◆ **EXERCISE INPUTS**
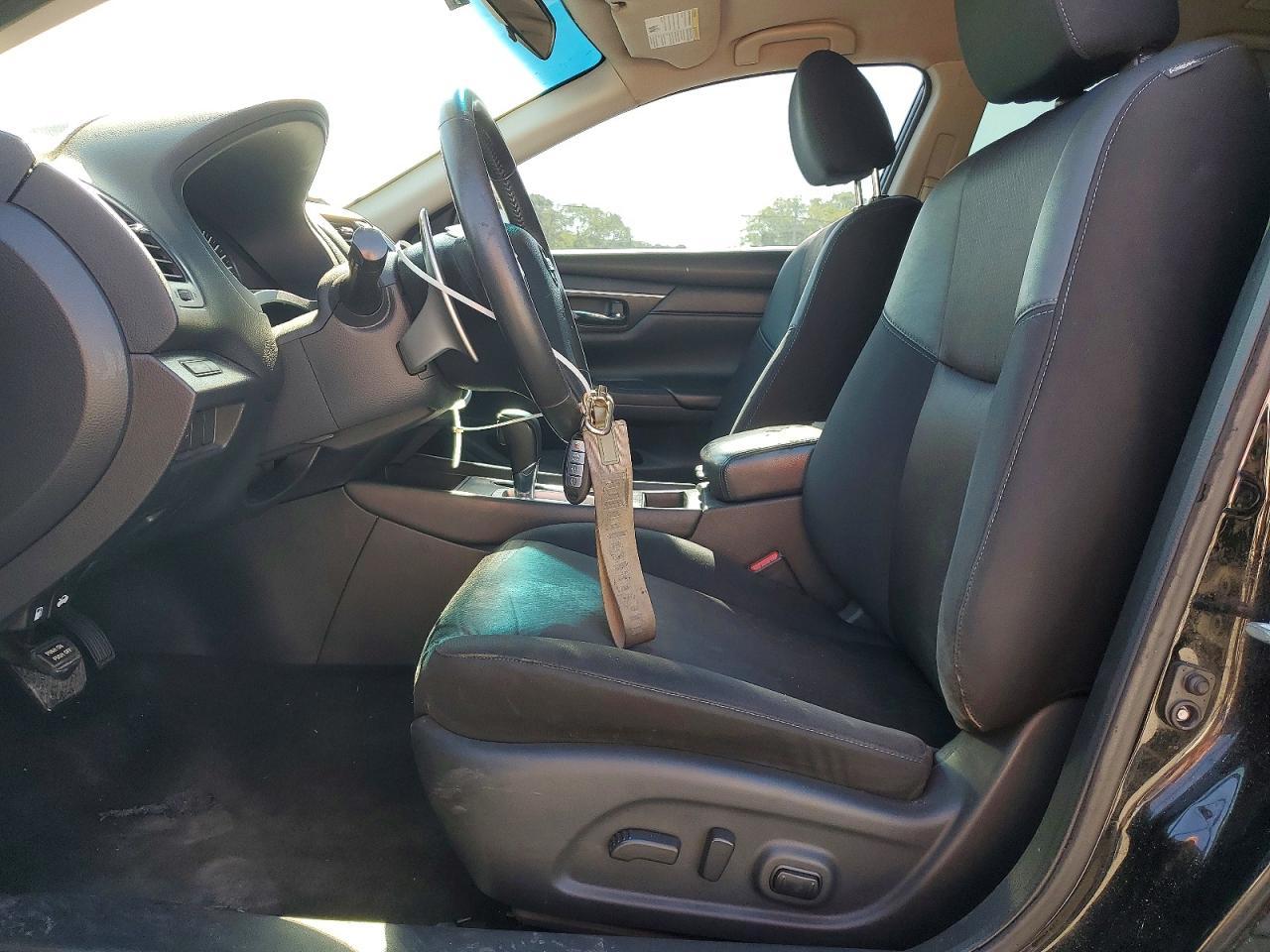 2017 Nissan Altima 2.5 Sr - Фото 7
==
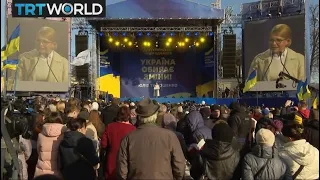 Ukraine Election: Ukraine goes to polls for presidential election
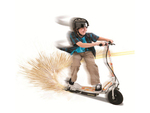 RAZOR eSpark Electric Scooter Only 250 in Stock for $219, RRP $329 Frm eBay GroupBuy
==
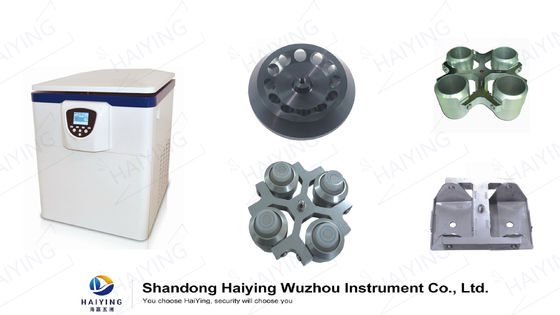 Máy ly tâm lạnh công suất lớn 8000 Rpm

◆ **TASK TO CARRY OUT**
Using the records above, print exactly the lines between the ones containing "Ukraine Election: Ukraine" and "RAZOR eSpark Electric", inclusive, and nothing else; no pictures.

◆ **RESULT FOR THIS TASK**
 Ukraine Election: Ukraine goes to polls for presidential election
 RAZOR eSpark Electric Scooter Only 250 in Stock for $219, RRP $329 Frm eBay GroupBuy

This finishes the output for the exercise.